Don’t Knock While Sloshed at Pliny’s Door!

Fresco of young man holding a scroll, 1st century A.D., Herculaneum

I am taking a break from the eloquence of Cicero to read Pliny’s relatively undramatic letters. Cicero’s court cases are almost too exciting. I am impressed and yet terrified by his bold prosecution of Verres, a gangster-governor of Sicily who stole both public and private art and  bribed the jury of the court in Rome.  I’d never had the slightest interest in Verres before.

Yet there’s something to be said for simplicity.   Pliny (61 A.D.- 113 A.D.) favors  a plain, minimalist style.  This wealthy Roman lawyer and successful politician was best-known as a writer of polished letters composed for publication. 

Among Pliny’s most famous letters are a brilliant account of the eruption of Vesuvius in 79 A.D.;  a trio of ghost stories ; a charming story of a boy who swam with a dolphin; and a letter asking the emperor Trajan for advice on how to deal with Christians while Pliny was governor in Bithynia.

But I’ve especially enjoyed a witty poem by Martial quoted in a letter written on the occasion of the poet’s death.  Pliny writes that he has a whole volume of poems Martial wrote for him.  (He was one of Martial’s patrons.)

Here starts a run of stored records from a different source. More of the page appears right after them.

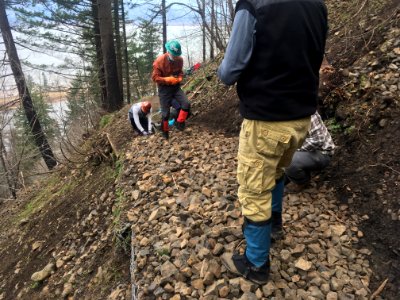 201903 Trailkeeper volunteers clear rockfall from Wahkeena Trail in early spring 2019 Photo by Josh Durham 01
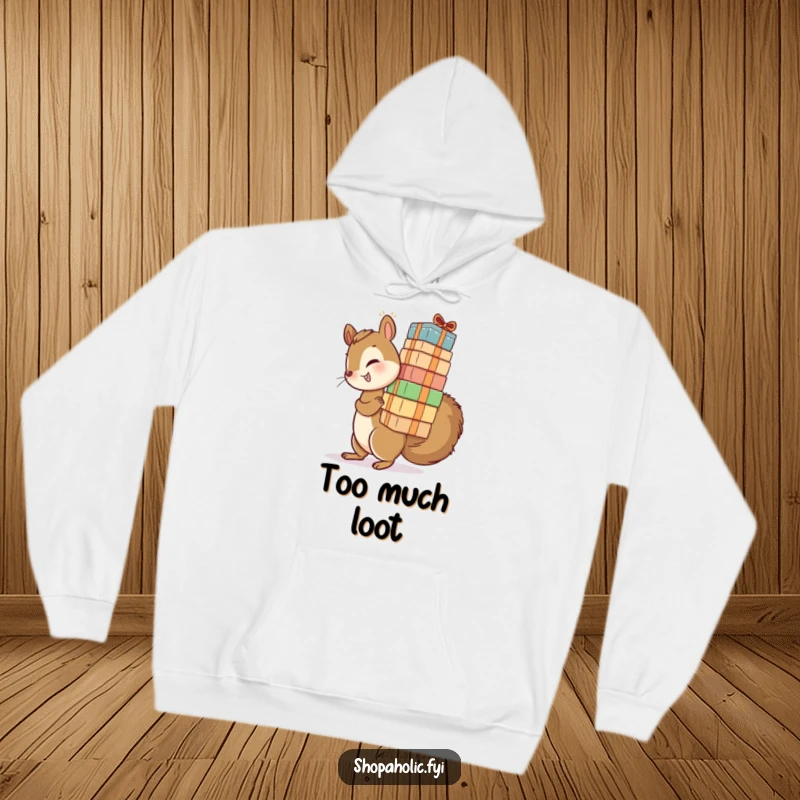 Funny hoodie with a playful squirrel precariously balancing a very tall stack of packages. Comforting and humorous.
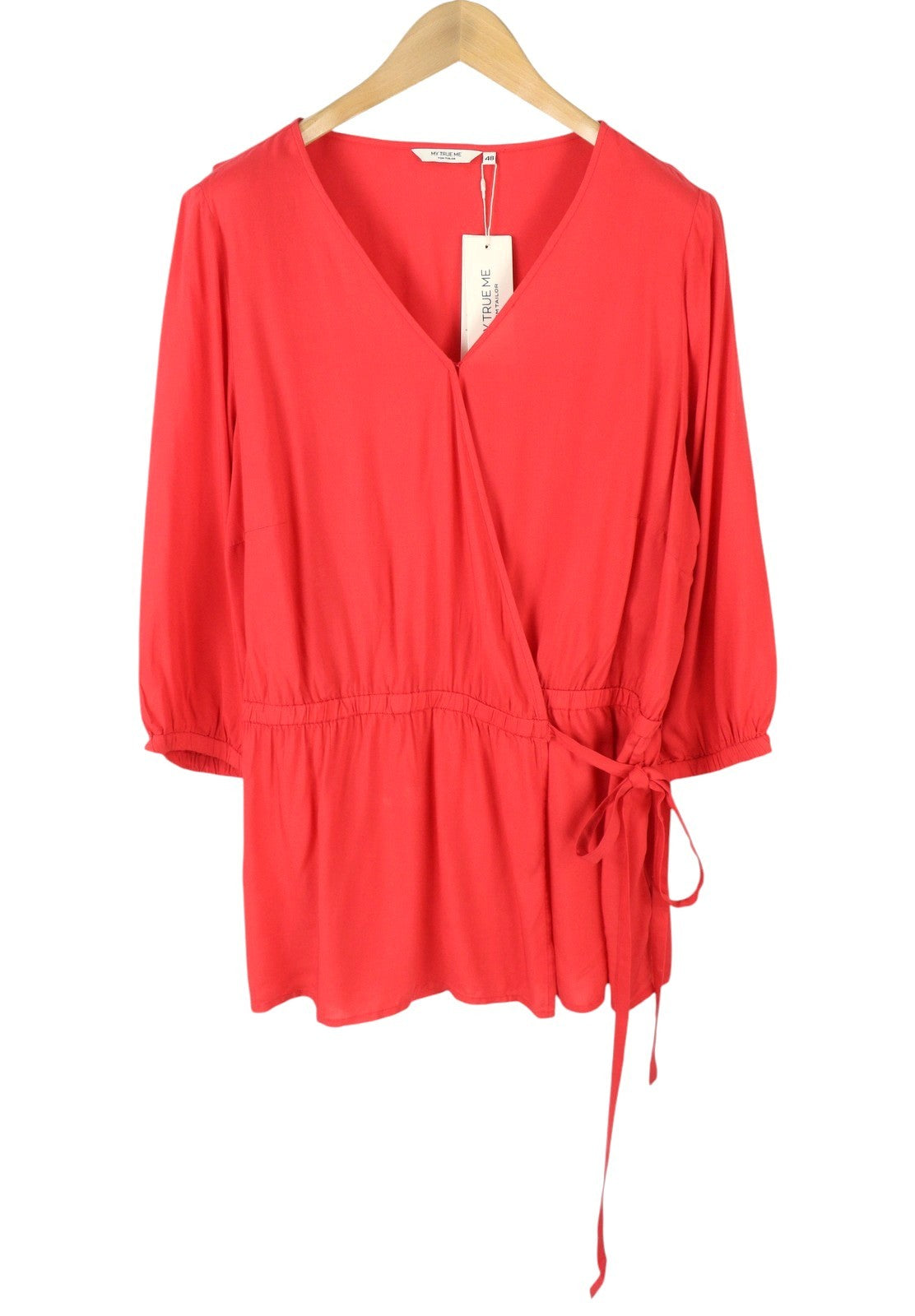 TOM TAILOR My True Me Women Blouse EU48 2XL Red Wrap V-Neck 3/4 Sleeves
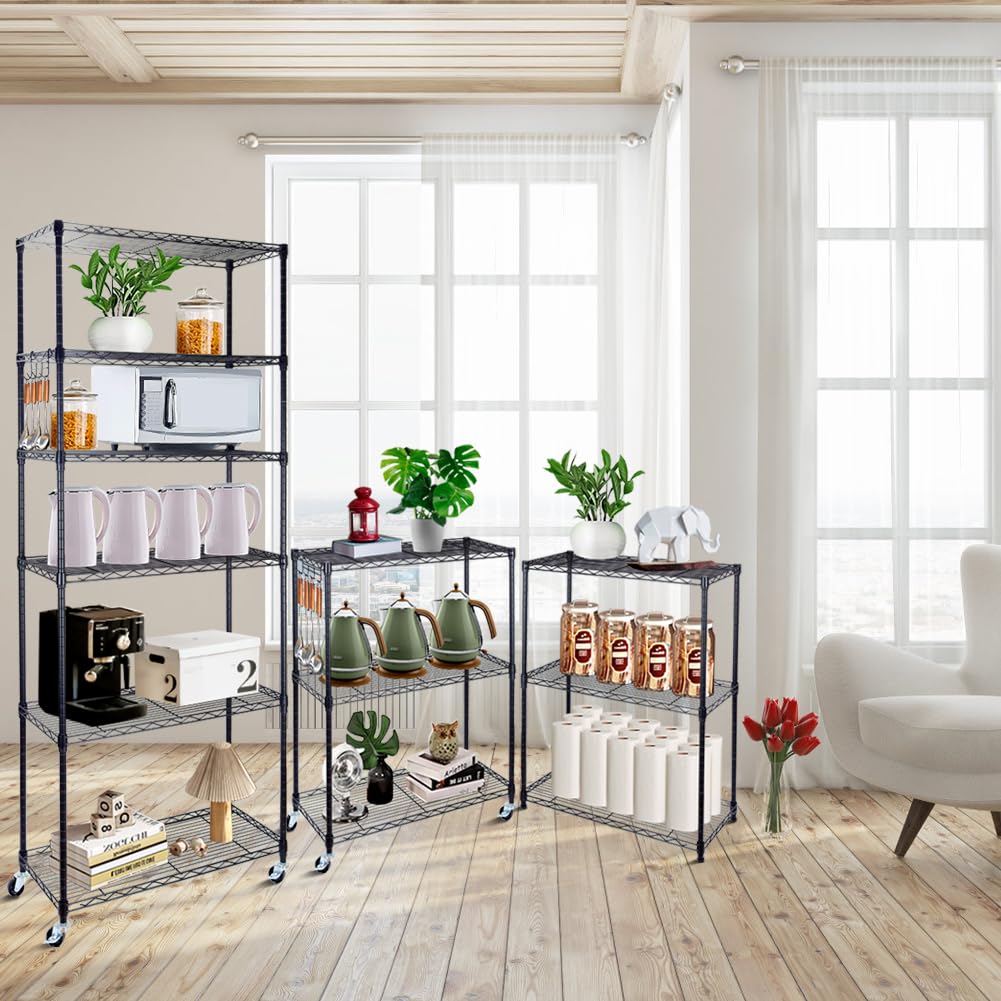 Clucycia 2-in-1 Adjustable 6-Tier Wire Shelving Unit - Convertible to 3-Tier Shelves (29.52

Below is my prose translation of Martial’s playful Latin poem. Here, he advises the Muse not to knock on Pliny’s “clever” or “eloquent door” while drunk (literally in an “inebriated time”). I would love to preserve  the fun of Martial’s  “transferred epithets,” i.e., adjectives transferred from persons to inanimate objects, but it doesn’t quite work in English.   Instead of changing the “eloquent door”to “eloquent Pliny,” I prefer a magical talking door. When you’re drunk, mightn’t you hear a talking door?  But it is too wordy in English.

Here is Martial’s advice to the Muse.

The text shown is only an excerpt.